To view this thread in it's original format and/or if you want to reply to
this thread please [click here]
| Author |
functional differences between cp and mv
|
|
|
| This should be pretty simple, but I just wanted to check for some
opinions. We're using an IBM product with a number of logs being
created, as well as Java servlets that all create their own logs.
When using the web based GUI admin console or the command line admin
tool, there are not many options to controlling the rotation of the
logs created and virtually none for the servlets.

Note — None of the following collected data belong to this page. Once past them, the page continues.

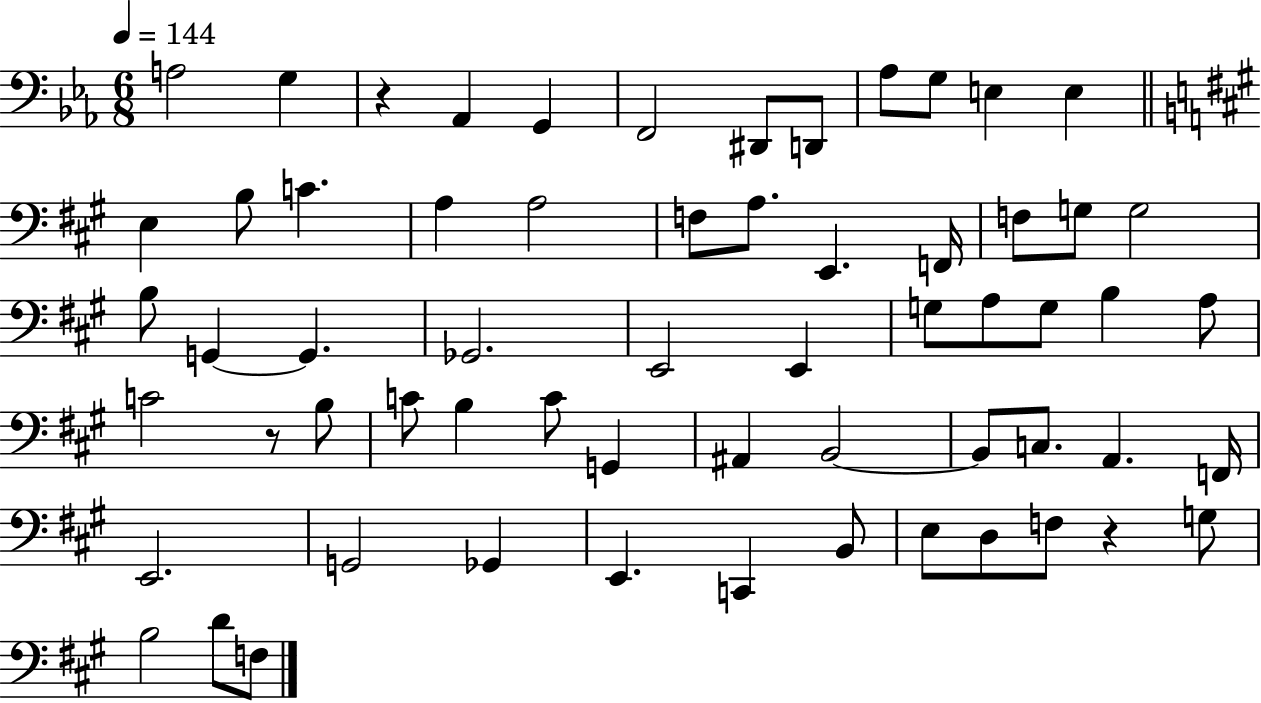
{
  \clef bass
  \numericTimeSignature
  \time 6/8
  \key ees \major
  \tempo 4 = 144
  a2 g4 | r4 aes,4 g,4 | f,2 dis,8 d,8 | aes8 g8 e4 e4 | \break \bar "||" \break \key a \major e4 b8 c'4. | a4 a2 | f8 a8. e,4. f,16 | f8 g8 g2 | \break b8 g,4~~ g,4. | ges,2. | e,2 e,4 | g8 a8 g8 b4 a8 | \break c'2 r8 b8 | c'8 b4 c'8 g,4 | ais,4 b,2~~ | b,8 c8. a,4. f,16 | \break e,2. | g,2 ges,4 | e,4. c,4 b,8 | e8 d8 f8 r4 g8 | \break b2 d'8 f8 | \bar "|."
}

So I'm suggestion we simply use cron and a few scripts to rotate all
of our logs in the wee morning hours of low activity, and use the mv
command on each subject log file with a date stamp appended to each
log, and then recreate the log file. For example:
mv logfile_name logfilename.date
echo "" > logfile_name
I have tested this and seems to work fine. However there is somewhat
of a debait over cp verse mv. Assuning your not actually moving the
file to another location on the disk, but keeping it in the same
directory, the mv command does nothing except rename the file, and is
(or should be) much quicker than making a copy of it (cp) first and
then doing the echo "" > logfile_name. Of course under a heavily
loaded system, you might missing some logging information during the
mv command, but should be much less than using the cp command.
Thanks in advance.
| |
| Doug Freyburger 2006-12-14, 7:29 pm |
| Otto wrote:
>
> This should be pretty simple, but I just wanted to check for some
> opinions. We're using an IBM product with a number of logs being
> created, as well as Java servlets that all create their own logs.
>
> When using the web based GUI admin console or the command line admin
> tool, there are not many options to controlling the rotation of the
> logs created and virtually none for the servlets.
>
> So I'm suggestion we simply use cron and a few scripts to rotate all
> of our logs in the wee morning hours of low activity, and use the mv
> command on each subject log file with a date stamp appended to each
> log, and then recreate the log file. For example:
>
> mv logfile_name logfilename.date
> echo "" > logfile_name
>
> I have tested this and seems to work fine. However there is somewhat
> of a debait over cp verse mv. Assuning your not actually moving the
> file to another location on the disk, but keeping it in the same
> directory, the mv command does nothing except rename the file, and is
> (or should be) much quicker than making a copy of it (cp) first and
> then doing the echo "" > logfile_name. Of course under a heavily
> loaded system, you might missing some logging information during the
> mv command, but should be much less than using the cp command.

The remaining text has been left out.